Diffie–Hellman shared secret key (DH-SSK): Let the users Alice and Bob have the key pairs \((pk_{A} = aP, sk_{a} = a), (pk_{B} = bP, sk_{B} = b)\), respectively, where \(P \in \mathbb {G}_1\) is a generator of the cyclic group \(\mathbb {G}_1\) with the order q and \(a, b \in \mathbb {Z}_q^{*}\). Alice and Bob have a shared secret key \(K = abP = sk_{A}pk_{B} = sk_{B}pk_{A}\), which is derived from the key agreement protocol (Diffie and Hellman 1976) proposed by Diffie and Hellman.

3.5 Attacks

For the SPE schemes based on the traditional PEKS framework, most of them are vulnerable to the insider KGA and the FIA.

Insider keyword guessing attack (Insider KGA). Suppose the cloud server provider (CSP) is an honest but curious adversary. We assume that the keyword space has a polynomial size. When receiving a trapdoor \(T_{w_i}\) from the data user (DU), the CSP tries to recover the keyword \(w_i\) corresponding to \(T_{w_i}\).

The adversary first encrypts a possible keyword \(w_i^{*}\) to generate a ciphertext \(C_{w_i^{*}}\). Then, it runs the test algorithm of the existing schemes based on the traditional framework of PEKS (i.e., Boneh et al. 2004; Rhee et al. 2010; Huang and Li 2017), and the inputs of algorithm are \(C_{w_i^{*}}\) and \(T_{w_i}\). If the test algorithm returns 1, this result illustrates that the adversary’s guess is correct. Otherwise, the adversary continues to repeat the process until it finds the correct result.

File-injection attack (FIA) (Zhang et al. 2016). The attack consists of two phases, including the GenFile phase and the Guess phase. The GenFile phase is in charge of generating the files to be injected. The Guess phase is responsible for guessing the keyword \(w_i\) corresponding to the trapdoor \(T_{w_i}\). The attack works as follows:

GenFile phase :

  • Identifies the keyword space W with \(\{0, |W|-1\}\) written in binary.

  • Generates the injected file \(F_i\) that contains the keywords whose ith bit is 1, where \(i = 1, 2,\ldots ,\log |W|\).

Guess phase:

  • takes as input the trapdoor \(T_{w} \) which wishes to be guessed and runs the test algorithm of SPE schemes to obtain the returned files.
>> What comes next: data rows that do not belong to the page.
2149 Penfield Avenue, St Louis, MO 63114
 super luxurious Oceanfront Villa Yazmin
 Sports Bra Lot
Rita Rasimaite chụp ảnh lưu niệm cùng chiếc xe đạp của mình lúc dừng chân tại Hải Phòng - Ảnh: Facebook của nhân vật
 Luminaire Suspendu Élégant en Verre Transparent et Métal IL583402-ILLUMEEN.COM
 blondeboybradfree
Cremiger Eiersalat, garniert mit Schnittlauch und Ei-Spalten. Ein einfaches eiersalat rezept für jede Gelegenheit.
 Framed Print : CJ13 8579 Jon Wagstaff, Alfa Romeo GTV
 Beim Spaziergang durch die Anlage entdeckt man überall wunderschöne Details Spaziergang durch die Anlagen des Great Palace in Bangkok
  • determines the keyword w corresponding to \(T_{w}\) based on the returned result.

Fig. 1
figure 1

An example of FIA

Figure 1 shows an example of the FIA with \(|W| = 8\). Each keyword is identified with the set \(\{000, 001 ,\ldots , 111\}\), and the files \(F_0\), \(F_1\), \(F_2\) contain the keywords (100, 101, 110, 111), (010, 011, 110, 111), (001, 101, 011, 111) , respectively. If only \(\{F_0, F_1\}\) are returned in response to the trapdoor \(T_{w_i}\), then we know the keyword 110 corresponds to this trapdoor.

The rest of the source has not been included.